##### Data for the task

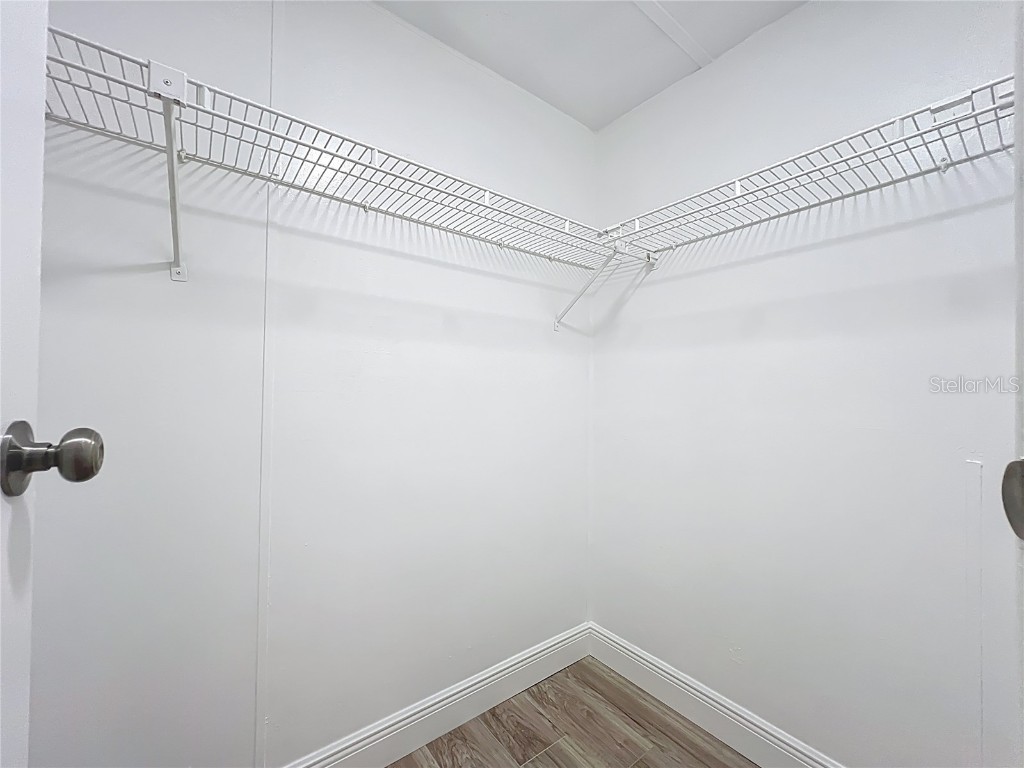 143 Westwood Drive Leesburg FL 34748 O6333544 image14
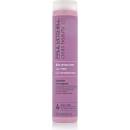 Paul Mitchell Clean Beauty Color Protect Shampoo Šampon pro ochranu barvy vlasů 250 ml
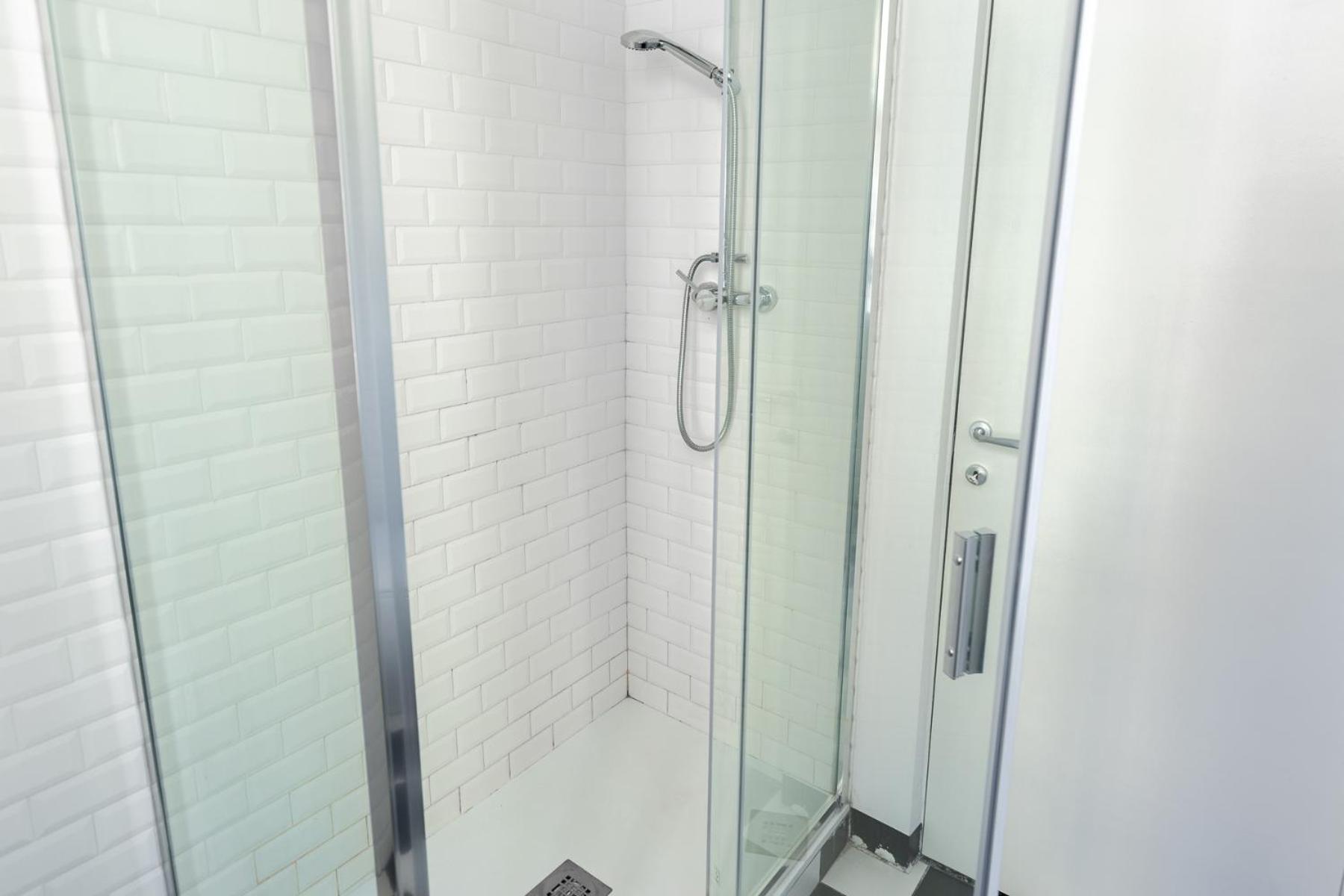 Hostdomus - Casa Ester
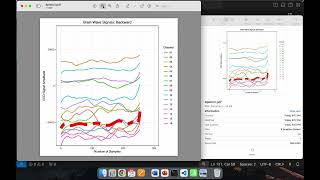 Integrate Python call to R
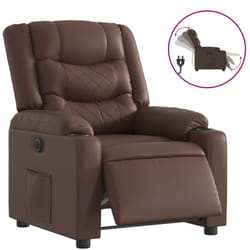 VidaXL 3206545 poltrona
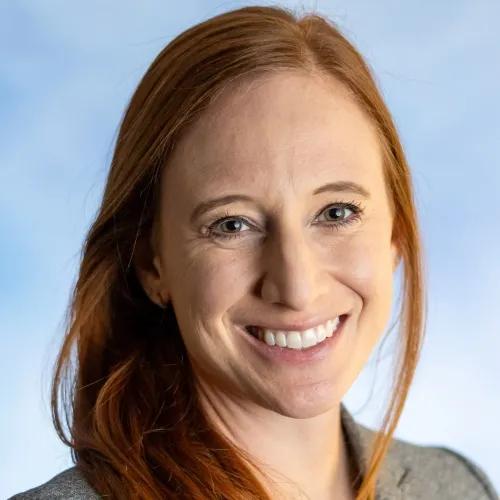 Molly Elaine Heft Neal, MD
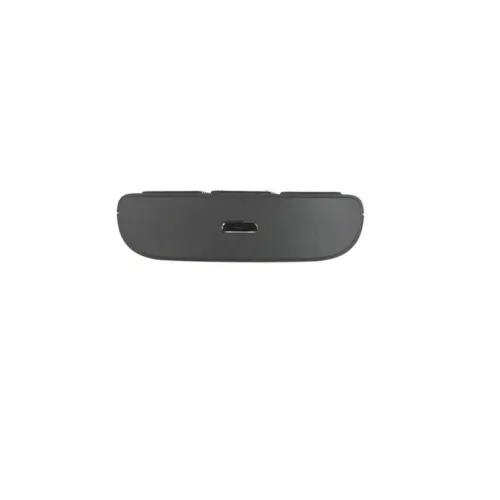 Сотовый телефон Nokia 105 Black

##########

== Task to complete ==
Transcribe the whole listing, character for character, but not its images.

== Written answer ==
 143 Westwood Drive Leesburg FL 34748 O6333544 image14
 Paul Mitchell Clean Beauty Color Protect Shampoo Šampon pro ochranu barvy vlasů 250 ml
 Hostdomus - Casa Ester
 Integrate Python call to R
 VidaXL 3206545 poltrona
 Molly Elaine Heft Neal, MD
 Сотовый телефон Nokia 105 Black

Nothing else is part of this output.